对于最后一维（d2=5），从一个元素到下一个元素的步幅就是 1（即每个元素之间的内存间隔是 1 字节）。

对于倒数第二维（d1=4），要从当前维度的一个元素跳到下一个元素，需要跨越 5 个元素（因为 size $d2$ = 5），每个元素占用 1 字节。所以步幅是 5。

对于第一维（d0=3），要从当前维度的一个元素跳到下一个元素，需要跨越 4 * 5 = 20 个元素（因为 size $d1$ = 4 和 size $d2$ = 5）。因此，步幅是 20。

stride $2$ = 1

stride $1$ = stride $2$ * size $2$ = 1 * 5 = 5

stride $0$ = stride $1$ * size $1$ = 5 * 4 = 20

综上所述：张量X的的步幅为(20, 5, 1)

代码示例1：

python 复制代码

import torch
import copy

a = torch.arange(9).reshape(3,3)

print("a:", a)
print("shape of a:", a.size())
print("stride of a:", a.stride())

代码输出：

bash 复制代码

a: tensor([[0, 1, 2],
        [3, 4, 5],
        [6, 7, 8]])
shape of a: torch.Size([3, 3])
stride of a: (3, 1)

将结果带入stride[i] = stride[i+1] * size[i+1]中，满足连续性条件

代码示例2：

接下来，我们看将a转置后的结果：

python 复制代码

import torch
import copy

a = torch.arange(9).reshape(3,3)
b = a.permute(1, 0) # 对a进行转置

print("b:", b)
print("shape of b:", b.size())
print("stride if b:", b.stride())

代码输出：

bash 复制代码

b: tensor([[0, 3, 6],
        [1, 4, 7],
        [2, 5, 8]])
shape of b: torch.Size([3, 3])
stride if b: (1, 3)

发现将a进行转置后，结果不成立，因此就不满足连续性条件，无法使用view()操作

代码示例3：

我们查看一下转置前后的代码存储区有什么区别

python 复制代码

import torch
a = torch.arange(9).reshape(3, 3)             # 初始化张量a
print('ptr of storage of a: ', a.storage().data_ptr())  # 查看a的storage区的地址
print('storage of a: \n', a.storage())        # 查看a的storage区的数据存放形式
b = a.permute(1, 0)                           # 转置
print('ptr of storage of b: ', b.storage().data_ptr())  # 查看b的storage区的地址
print('storage of b: \n', b.storage())        # 查看b的storage区的数据存放形式

代码输出：

bash 复制代码

ptr of storage of a:  1421123582720
storage of a:
  0
 1
 2
 3
 4
 5
 6
 7
 8
[torch.storage.TypedStorage(dtype=torch.int64, device=cpu) of size 9]
ptr of storage of b:  1421123582720
storage of b:
  0
 1
 2
 3
 4
 5
 6
 7
 8
[torch.storage.TypedStorage(dtype=torch.int64, device=cpu) of size 9]

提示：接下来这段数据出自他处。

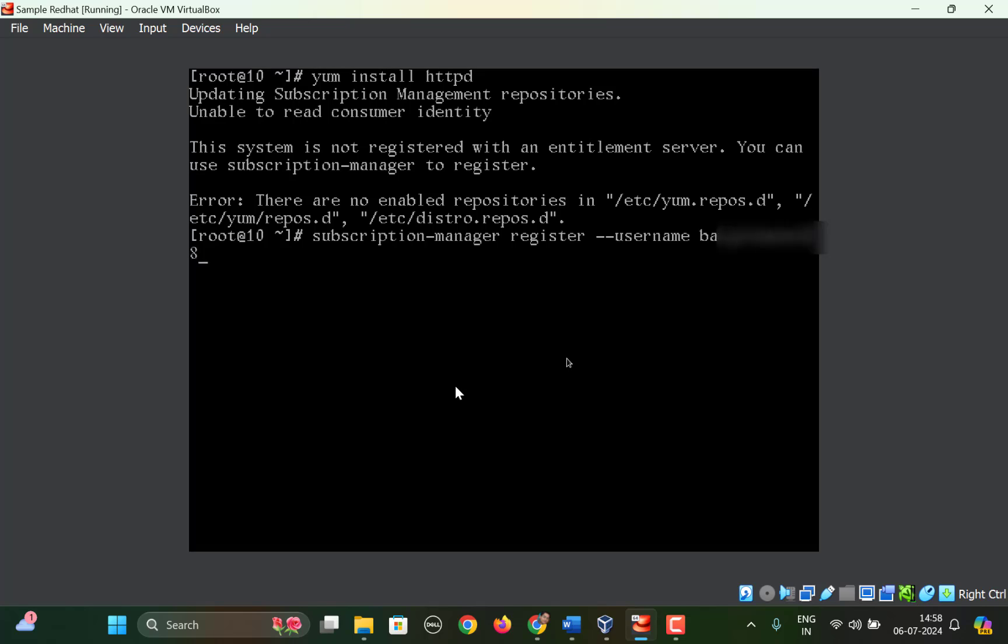Whatever username for developer.redhat.com, then space, --password and then your password for the account. The password will be visible when you type it.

因此可以看出，张量a,b仍然共用存储区，并且存储区数据存放的顺序没有发生变化，张量b只是改变了数据索引方式，为什么b不符合连续性条件呢？转置后的tensor只是对storage区数据索引方式的重映射，但原始的存放方式并没有变化.因此，这时再看tensor b的stride，从b第一行的元素1到第二行的元素2，显然在索引方式上已经不是原来+1了，而是变成了新的+3了。所以这时候就不能用view来对b进行shape的改变了，不然就报错。

这种情况下，直接用view不行，先用contiguous()方法将原始tensor转换为满足连续条件的tensor，在使用view进行shape变换，原理是contiguous()方法开辟了一个新的存储区给b，并改变了b原始存储区数据的存放顺序

4.1.2 （2）contiguous() 的作用

contiguous() 是一个重要的函数，它会返回一个连续内存的张量副本，确保数据按内存顺序排列。如果原张量的数据布局不是连续的，那么通过 view() 创建视图时，可能会导致数据访问不正确（因为内存中的元素顺序不符合预期）。此时，需要先调用 contiguous() 来确保数据是连续的，然后再进行 view() 操作。

例如，如果一个张量经过转置（transpose()）操作后，它的内存布局可能会变得不连续。如果你想要对它进行 view() 操作，首先需要调用 contiguous() 以确保其内存是连续的。

代码示例：

python 复制代码

import torch
a = torch.arange(9).reshape(3,3)
print("storage of a:\n", a.storage())
print("====================================================================================")

b = a.permute(1, 0).contiguous()
print("size of b:", b.size())
print("stride of b:", b.stride())
print("viewd b:\n",b.view(9))

print("====================================================================================")
print("storage of a:\n", a.storage())
print("storage of b:\n", b.storage())

print("====================================================================================")
print("ptr of a\n", a.storage().data_ptr())
print("ptr of b\n", b.storage().data_ptr())

代码输出：

bash 复制代码

storage of a:
  0
 1
 2
 3
 4
 5
 6
 7
 8
[torch.storage.TypedStorage(dtype=torch.int64, device=cpu) of size 9]
====================================================================================
size of b: torch.Size([3, 3])
stride of b: (3, 1)
viewd b:
 tensor([0, 3, 6, 1, 4, 7, 2, 5, 8])
====================================================================================
storage of a:
  0
 1
 2
 3
 4
 5
 6
 7
 8
[torch.storage.TypedStorage(dtype=torch.int64, device=cpu) of size 9]
storage of b:
  0
 3
 6
 1
 4
 7
 2
 5
 8
[torch.storage.TypedStorage(dtype=torch.int64, device=cpu) of size 9]
====================================================================================
ptr of a
 2745201369152
ptr of b
 2745201365952

由上述结果可以看出，张量a与b已经是两个存在于不同存储区的张量了。也印证了contiguous()方法开辟了一个新的存储区给b，并改变了b原始存储区数据的存放顺序。对应文章开头提到的浅拷贝，这种开辟一个新的内存区的方式其实就是深拷贝

4.2 对reshape()的理解

pytorch官方定义： https://pytorch.ac.cn/docs/stable/generated/torch.reshape.html#torch.reshape

作用： 与view类似，将输入tensor转换为新的shape格式。

但是reshape方法更强大，可以认为a.reshape = a.view() + a.contiguous().view()。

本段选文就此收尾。